Cette décision de la FMC prend racine dans la période post-pandémie. La crise sanitaire avait provoqué un déséquilibre majeur dans les chaînes logistiques mondiales, avec une explosion des coûts de fret maritime. Ces hausses tarifaires, parfois démesurées, avaient considérablement freiné le commerce international. Par exemple, le transport d’un conteneur de 40 pieds entre l’Asie et l’Afrique du Nord atteignait des sommets avoisinant les 25 000 dollars.

Pour faire face à cette situation, les États-Unis ont adopté en 2022 le Shipping Act, une réforme majeure visant à réguler les pratiques des grandes compagnies maritimes internationales. La Federal Maritime Commission s’est ainsi vu confier des pouvoirs élargis, lui permettant d’intervenir sur les transactions effectuées hors du territoire américain. Cette régulation vise à préserver des tarifs justes et à garantir la fluidité des échanges commerciaux, ce qui a un impact direct sur les grandes alliances maritimes, comme celle entre Hapag-Lloyd et Maersk. Parmi les ports stratégiques intégrés dans cette régulation, ceux du Maroc occupent une place de choix.

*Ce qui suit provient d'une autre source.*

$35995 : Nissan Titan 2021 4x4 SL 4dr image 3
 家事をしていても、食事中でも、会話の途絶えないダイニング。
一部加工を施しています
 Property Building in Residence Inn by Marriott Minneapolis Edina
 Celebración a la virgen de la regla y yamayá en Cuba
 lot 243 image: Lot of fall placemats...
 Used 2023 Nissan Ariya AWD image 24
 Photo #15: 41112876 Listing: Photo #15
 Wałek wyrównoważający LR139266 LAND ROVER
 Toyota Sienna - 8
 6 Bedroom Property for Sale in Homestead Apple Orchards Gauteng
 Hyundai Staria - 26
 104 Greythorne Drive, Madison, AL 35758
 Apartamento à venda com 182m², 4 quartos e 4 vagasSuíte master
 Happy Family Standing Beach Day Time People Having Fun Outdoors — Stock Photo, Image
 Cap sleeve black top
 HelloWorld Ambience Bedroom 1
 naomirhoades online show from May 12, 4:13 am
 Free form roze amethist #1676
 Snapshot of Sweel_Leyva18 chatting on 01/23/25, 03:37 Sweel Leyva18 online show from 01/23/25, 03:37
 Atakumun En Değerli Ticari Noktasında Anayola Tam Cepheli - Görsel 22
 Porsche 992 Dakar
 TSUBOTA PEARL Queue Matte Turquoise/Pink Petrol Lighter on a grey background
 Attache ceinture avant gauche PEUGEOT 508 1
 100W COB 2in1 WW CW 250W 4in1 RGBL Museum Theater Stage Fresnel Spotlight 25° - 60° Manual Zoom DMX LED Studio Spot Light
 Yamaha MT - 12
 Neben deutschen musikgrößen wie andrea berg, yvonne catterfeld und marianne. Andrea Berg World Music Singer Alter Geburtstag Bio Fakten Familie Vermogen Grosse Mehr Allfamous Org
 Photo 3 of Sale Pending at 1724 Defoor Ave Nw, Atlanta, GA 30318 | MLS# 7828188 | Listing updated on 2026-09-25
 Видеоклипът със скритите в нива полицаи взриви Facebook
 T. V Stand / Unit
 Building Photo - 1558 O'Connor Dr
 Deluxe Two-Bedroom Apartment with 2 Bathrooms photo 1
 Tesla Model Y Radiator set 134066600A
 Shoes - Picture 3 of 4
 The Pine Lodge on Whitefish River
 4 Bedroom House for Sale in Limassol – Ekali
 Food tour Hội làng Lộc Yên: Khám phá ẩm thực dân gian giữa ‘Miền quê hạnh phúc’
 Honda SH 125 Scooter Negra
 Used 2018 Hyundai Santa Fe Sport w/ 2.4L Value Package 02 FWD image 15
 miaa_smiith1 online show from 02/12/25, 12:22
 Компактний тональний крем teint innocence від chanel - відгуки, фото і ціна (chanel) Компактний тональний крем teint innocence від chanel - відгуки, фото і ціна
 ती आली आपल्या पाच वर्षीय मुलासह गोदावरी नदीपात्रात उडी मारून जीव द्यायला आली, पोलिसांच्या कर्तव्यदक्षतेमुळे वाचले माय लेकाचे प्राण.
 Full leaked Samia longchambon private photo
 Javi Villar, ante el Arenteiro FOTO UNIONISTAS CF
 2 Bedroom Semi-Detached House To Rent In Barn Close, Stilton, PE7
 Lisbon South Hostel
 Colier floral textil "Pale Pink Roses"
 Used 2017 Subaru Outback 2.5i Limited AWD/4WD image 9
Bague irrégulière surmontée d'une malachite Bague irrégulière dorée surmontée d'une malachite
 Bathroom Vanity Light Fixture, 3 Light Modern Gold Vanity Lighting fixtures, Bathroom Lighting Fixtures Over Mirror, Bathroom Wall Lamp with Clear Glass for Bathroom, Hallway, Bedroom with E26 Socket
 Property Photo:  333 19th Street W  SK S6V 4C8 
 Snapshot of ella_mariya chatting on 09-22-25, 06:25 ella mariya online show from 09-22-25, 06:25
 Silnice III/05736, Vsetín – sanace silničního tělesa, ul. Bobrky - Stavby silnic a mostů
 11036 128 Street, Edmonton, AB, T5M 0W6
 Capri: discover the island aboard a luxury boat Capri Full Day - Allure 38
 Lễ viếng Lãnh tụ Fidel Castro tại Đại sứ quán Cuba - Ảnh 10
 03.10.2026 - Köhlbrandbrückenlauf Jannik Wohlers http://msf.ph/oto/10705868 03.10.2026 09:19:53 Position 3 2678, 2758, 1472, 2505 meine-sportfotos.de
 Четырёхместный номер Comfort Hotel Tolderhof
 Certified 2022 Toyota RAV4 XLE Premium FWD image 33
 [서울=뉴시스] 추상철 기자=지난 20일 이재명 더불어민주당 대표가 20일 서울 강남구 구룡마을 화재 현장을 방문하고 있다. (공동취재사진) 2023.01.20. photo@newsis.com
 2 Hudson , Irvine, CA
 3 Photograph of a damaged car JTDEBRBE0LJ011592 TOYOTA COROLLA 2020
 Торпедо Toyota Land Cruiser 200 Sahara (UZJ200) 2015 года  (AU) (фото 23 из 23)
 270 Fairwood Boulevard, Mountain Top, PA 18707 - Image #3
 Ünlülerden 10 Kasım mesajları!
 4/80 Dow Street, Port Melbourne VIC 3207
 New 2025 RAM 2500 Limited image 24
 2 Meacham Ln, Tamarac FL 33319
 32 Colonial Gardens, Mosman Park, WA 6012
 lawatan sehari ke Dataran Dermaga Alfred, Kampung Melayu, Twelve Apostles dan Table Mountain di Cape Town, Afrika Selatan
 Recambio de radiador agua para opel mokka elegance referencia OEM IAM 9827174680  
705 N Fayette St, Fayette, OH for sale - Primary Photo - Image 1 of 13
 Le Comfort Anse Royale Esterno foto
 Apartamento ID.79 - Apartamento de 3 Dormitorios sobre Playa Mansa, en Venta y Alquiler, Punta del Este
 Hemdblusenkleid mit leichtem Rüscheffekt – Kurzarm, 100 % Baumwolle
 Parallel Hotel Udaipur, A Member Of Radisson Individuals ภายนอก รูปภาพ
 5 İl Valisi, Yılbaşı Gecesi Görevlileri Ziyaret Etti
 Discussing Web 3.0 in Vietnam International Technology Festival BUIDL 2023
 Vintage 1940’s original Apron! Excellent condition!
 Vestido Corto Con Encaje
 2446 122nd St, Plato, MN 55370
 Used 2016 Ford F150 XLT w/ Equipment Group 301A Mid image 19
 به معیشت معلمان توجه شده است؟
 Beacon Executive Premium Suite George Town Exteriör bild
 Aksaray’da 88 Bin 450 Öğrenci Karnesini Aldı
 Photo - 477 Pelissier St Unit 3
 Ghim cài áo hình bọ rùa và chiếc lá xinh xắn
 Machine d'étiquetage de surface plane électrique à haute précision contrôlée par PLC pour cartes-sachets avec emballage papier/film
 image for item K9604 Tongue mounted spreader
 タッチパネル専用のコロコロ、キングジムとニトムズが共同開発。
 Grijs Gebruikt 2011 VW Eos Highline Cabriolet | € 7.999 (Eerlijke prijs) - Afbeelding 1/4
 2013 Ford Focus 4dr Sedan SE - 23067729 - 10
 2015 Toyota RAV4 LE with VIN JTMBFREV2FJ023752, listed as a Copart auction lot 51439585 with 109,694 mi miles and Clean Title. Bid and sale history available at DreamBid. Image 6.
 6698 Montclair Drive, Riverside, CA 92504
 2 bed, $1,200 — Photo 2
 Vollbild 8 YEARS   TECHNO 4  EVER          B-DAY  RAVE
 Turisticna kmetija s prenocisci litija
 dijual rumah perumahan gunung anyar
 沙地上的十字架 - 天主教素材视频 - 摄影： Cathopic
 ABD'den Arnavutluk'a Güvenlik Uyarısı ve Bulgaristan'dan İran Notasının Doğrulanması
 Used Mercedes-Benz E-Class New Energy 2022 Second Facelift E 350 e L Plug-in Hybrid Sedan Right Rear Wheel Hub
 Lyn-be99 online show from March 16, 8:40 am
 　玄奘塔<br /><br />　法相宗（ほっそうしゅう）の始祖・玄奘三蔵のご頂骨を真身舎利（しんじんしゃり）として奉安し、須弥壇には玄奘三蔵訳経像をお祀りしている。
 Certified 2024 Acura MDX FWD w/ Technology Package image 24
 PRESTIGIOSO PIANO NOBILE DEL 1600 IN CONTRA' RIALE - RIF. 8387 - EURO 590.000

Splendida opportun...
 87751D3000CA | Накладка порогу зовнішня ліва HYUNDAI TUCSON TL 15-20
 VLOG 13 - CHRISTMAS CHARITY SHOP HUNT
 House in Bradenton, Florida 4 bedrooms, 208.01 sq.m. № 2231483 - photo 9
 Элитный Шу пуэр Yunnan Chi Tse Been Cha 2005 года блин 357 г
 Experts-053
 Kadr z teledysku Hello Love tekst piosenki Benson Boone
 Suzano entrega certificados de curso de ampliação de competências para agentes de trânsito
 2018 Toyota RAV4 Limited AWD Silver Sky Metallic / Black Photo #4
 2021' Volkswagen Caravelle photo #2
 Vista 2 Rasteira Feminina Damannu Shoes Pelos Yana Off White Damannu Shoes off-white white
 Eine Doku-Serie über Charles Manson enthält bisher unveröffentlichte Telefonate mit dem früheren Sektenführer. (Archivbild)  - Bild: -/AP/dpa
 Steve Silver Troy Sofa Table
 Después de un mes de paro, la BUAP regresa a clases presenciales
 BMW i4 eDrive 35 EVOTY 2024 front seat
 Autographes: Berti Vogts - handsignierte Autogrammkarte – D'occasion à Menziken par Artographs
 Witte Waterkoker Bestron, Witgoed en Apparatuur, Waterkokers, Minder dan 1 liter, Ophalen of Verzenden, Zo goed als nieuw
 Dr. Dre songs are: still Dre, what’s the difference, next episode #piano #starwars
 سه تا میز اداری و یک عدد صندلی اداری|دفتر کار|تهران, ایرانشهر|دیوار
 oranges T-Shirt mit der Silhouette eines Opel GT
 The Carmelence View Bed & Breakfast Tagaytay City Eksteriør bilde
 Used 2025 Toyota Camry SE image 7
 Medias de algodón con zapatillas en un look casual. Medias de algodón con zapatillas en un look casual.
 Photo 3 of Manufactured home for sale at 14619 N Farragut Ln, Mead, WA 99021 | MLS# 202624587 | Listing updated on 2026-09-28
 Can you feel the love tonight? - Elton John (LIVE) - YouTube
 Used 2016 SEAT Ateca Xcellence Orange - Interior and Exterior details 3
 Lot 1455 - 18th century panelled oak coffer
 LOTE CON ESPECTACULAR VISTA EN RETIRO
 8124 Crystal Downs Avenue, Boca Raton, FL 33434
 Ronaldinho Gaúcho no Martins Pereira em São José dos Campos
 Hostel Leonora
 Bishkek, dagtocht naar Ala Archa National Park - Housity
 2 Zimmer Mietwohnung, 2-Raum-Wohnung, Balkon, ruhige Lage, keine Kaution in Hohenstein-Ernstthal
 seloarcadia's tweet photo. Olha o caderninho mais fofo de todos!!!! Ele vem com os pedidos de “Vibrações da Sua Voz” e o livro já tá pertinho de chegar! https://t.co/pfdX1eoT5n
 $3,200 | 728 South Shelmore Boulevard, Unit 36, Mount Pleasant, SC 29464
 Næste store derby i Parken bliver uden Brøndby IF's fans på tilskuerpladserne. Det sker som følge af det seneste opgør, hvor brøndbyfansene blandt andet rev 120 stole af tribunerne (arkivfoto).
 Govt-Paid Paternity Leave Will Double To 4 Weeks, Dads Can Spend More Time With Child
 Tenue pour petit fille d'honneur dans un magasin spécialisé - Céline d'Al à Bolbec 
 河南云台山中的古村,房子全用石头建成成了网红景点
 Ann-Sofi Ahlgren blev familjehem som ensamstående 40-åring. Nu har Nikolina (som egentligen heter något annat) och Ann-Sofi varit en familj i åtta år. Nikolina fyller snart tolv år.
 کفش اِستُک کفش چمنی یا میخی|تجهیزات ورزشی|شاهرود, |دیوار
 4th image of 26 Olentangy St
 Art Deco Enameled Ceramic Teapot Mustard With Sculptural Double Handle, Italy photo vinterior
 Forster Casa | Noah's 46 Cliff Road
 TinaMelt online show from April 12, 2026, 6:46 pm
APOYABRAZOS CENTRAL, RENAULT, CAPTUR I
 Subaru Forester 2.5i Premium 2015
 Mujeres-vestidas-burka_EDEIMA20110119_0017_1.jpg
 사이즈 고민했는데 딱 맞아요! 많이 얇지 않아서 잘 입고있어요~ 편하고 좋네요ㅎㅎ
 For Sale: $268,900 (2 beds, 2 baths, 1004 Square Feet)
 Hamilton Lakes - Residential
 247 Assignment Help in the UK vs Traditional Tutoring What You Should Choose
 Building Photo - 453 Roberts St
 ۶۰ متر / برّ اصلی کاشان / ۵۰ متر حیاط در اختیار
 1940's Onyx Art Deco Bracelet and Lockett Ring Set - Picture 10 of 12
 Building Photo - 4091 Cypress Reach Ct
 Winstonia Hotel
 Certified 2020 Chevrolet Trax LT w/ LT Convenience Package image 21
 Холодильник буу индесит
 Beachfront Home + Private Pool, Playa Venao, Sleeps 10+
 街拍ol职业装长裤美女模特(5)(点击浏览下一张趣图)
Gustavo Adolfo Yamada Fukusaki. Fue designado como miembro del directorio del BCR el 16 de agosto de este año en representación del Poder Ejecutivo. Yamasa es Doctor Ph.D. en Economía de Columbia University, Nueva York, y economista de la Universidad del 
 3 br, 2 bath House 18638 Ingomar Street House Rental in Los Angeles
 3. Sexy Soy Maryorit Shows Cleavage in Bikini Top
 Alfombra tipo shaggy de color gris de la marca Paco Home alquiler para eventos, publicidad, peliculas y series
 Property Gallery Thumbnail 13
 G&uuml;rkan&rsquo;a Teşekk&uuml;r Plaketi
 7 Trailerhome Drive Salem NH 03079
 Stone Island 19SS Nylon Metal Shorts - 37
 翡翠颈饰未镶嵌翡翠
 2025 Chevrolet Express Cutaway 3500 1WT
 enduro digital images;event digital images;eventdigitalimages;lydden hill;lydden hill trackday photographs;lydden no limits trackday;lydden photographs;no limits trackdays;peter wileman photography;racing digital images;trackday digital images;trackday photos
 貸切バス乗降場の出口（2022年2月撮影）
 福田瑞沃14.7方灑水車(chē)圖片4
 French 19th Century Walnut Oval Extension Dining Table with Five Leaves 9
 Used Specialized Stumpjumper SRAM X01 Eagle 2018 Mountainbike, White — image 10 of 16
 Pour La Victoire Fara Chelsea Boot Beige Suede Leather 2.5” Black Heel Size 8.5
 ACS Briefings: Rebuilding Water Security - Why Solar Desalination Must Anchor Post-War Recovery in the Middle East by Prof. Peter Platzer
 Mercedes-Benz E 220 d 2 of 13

Un double avantage pour le Maroc

Le Maroc tire plusieurs bénéfices de cette décision. D’abord, les coûts de transport maritime, essentiels pour les importateurs et exportateurs du pays, ont connu une forte baisse. Le tarif d’un conteneur de 40 pieds entre la Chine et le Maroc est aujourd’hui d’environ 4 000 dollars, soit une réduction spectaculaire par rapport à 2021.

En parallèle, cette décision permet à la FMC de réguler directement les flux commerciaux entre le Maroc et les États-Unis. Cela se traduit par une meilleure sécurité logistique et une plus grande fluidité des exportations de produits périssables, tels que les agrumes ou les primeurs. Les entreprises marocaines peuvent ainsi prévoir leurs délais de livraison avec davantage de sérénité, évitant les blocages et les perturbations qui pouvaient auparavant pénaliser leurs opérations à l’international.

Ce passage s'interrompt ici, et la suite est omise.